Data provided >>
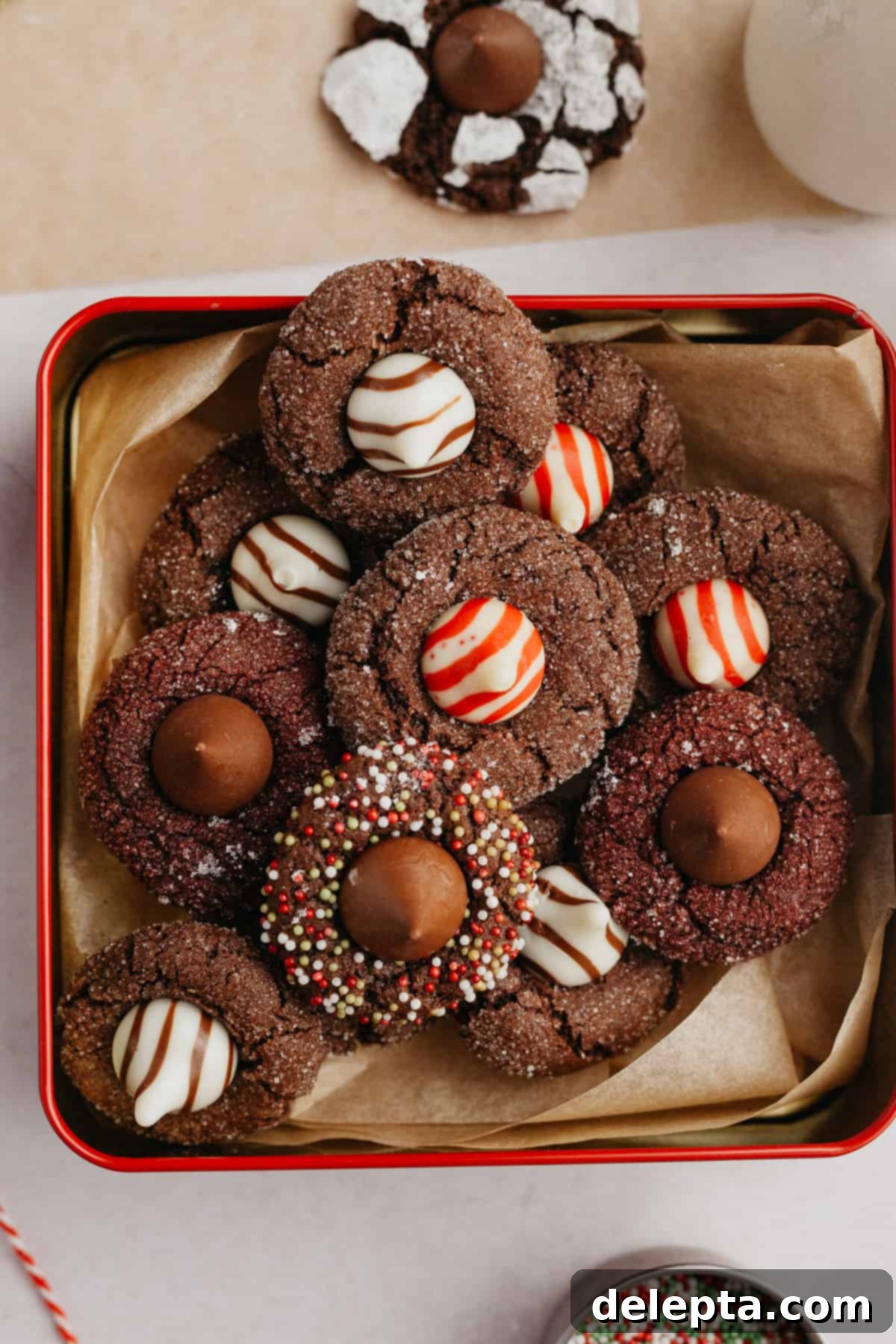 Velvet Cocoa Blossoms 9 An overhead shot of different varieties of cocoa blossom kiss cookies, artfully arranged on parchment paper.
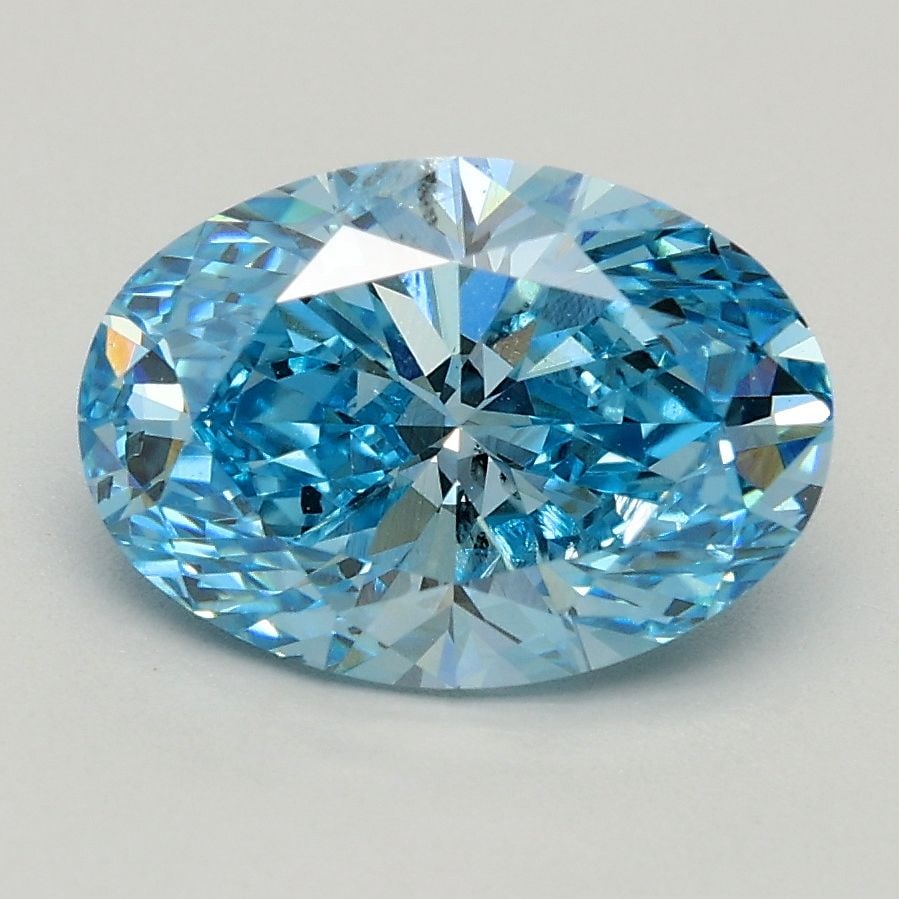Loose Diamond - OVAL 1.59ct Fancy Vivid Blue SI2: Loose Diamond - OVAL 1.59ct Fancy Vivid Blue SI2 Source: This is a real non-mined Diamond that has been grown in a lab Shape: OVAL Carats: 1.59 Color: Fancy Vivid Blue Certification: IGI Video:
...
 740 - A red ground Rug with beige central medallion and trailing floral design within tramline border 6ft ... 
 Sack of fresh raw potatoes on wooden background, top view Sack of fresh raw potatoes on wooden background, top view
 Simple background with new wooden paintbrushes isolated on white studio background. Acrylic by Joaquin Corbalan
--
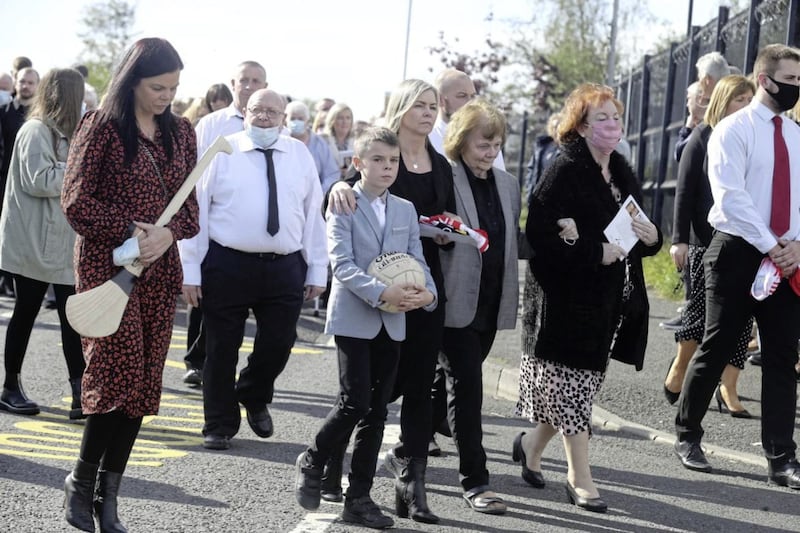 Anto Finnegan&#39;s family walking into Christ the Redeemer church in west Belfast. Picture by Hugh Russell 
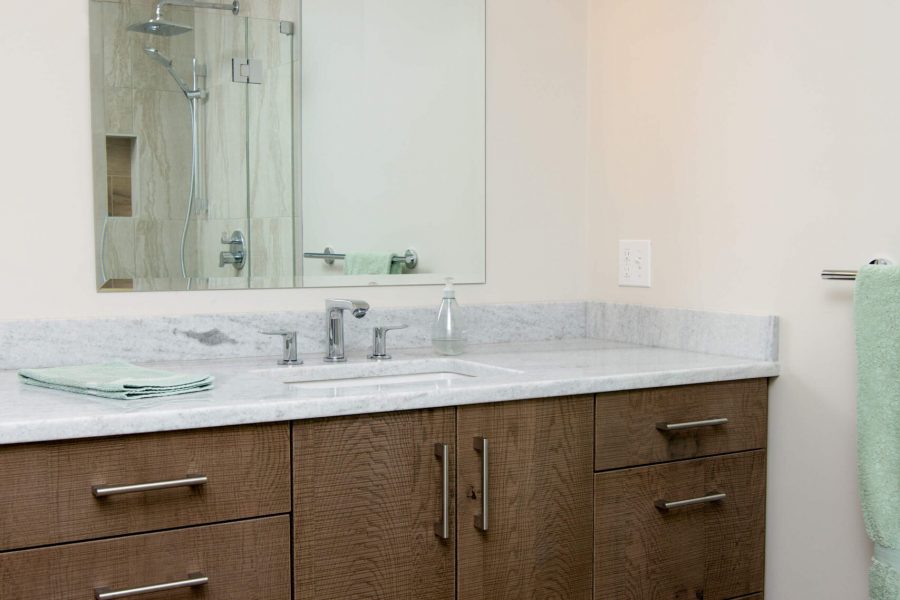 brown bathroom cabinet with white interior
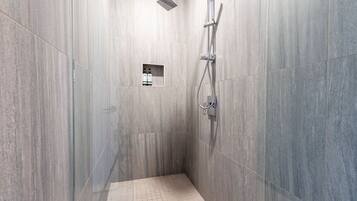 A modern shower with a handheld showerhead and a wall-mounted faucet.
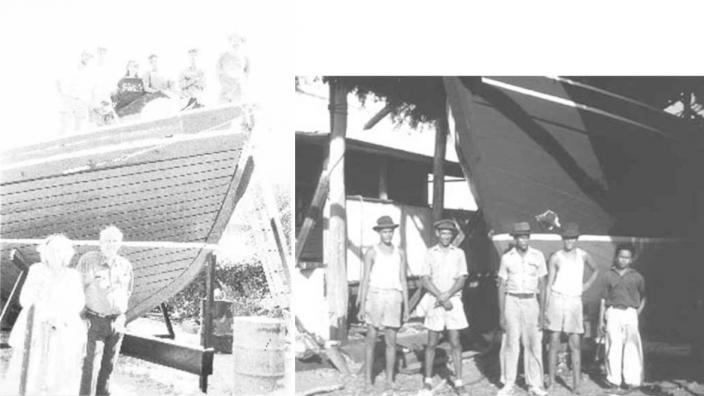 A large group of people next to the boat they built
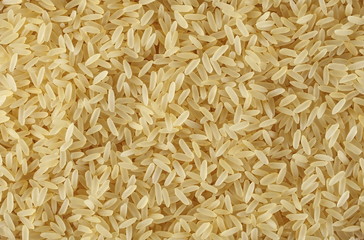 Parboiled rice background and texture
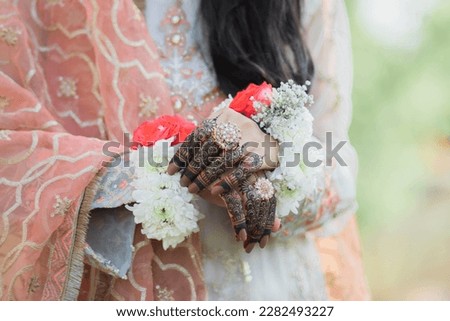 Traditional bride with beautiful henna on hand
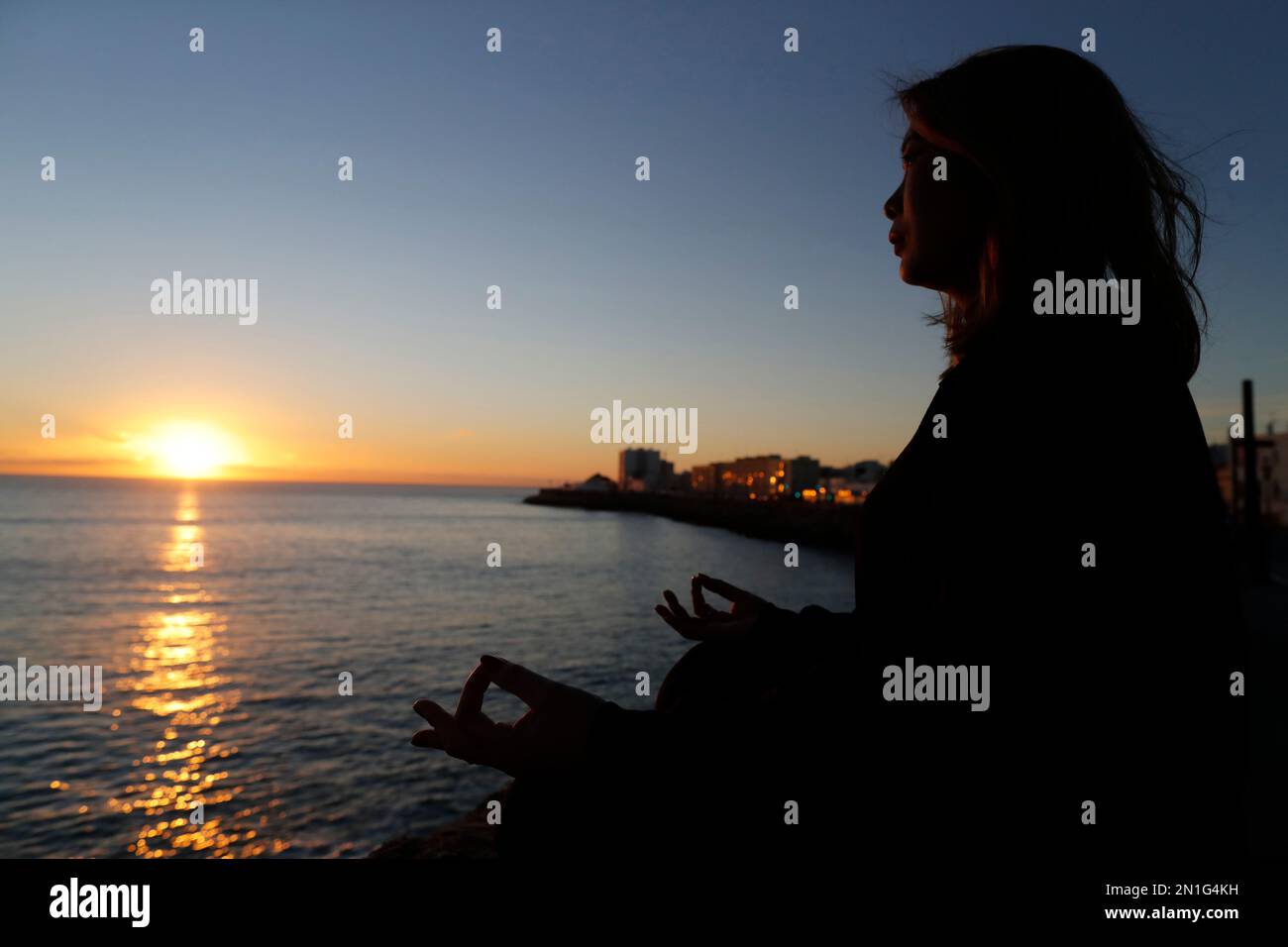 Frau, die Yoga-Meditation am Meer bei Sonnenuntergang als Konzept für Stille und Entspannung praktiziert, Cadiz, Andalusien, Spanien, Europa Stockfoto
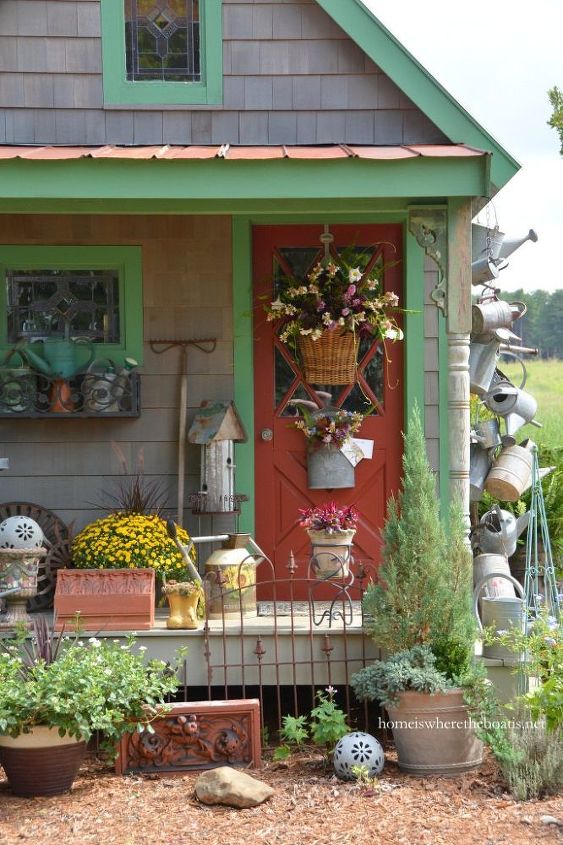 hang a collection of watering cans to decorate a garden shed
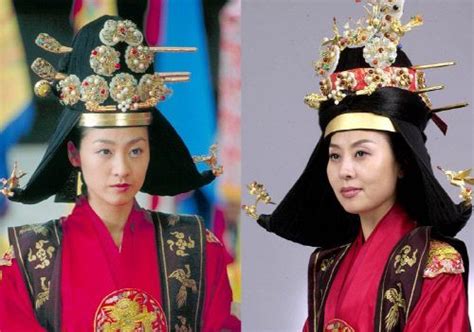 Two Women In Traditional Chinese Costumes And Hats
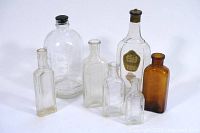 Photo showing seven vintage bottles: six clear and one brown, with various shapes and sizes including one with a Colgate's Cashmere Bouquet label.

What the task requires >> From the records above, copy only the lines running from the line holding "A large group" through the line holding "Photo showing seven", with no pictures.

Solution below >>
 A large group of people next to the boat they built
 Parboiled rice background and texture
 Traditional bride with beautiful henna on hand
 Frau, die Yoga-Meditation am Meer bei Sonnenuntergang als Konzept für Stille und Entspannung praktiziert, Cadiz, Andalusien, Spanien, Europa Stockfoto
 hang a collection of watering cans to decorate a garden shed
 Two Women In Traditional Chinese Costumes And Hats
 Photo showing seven vintage bottles: six clear and one brown, with various shapes and sizes including one with a Colgate's Cashmere Bouquet label.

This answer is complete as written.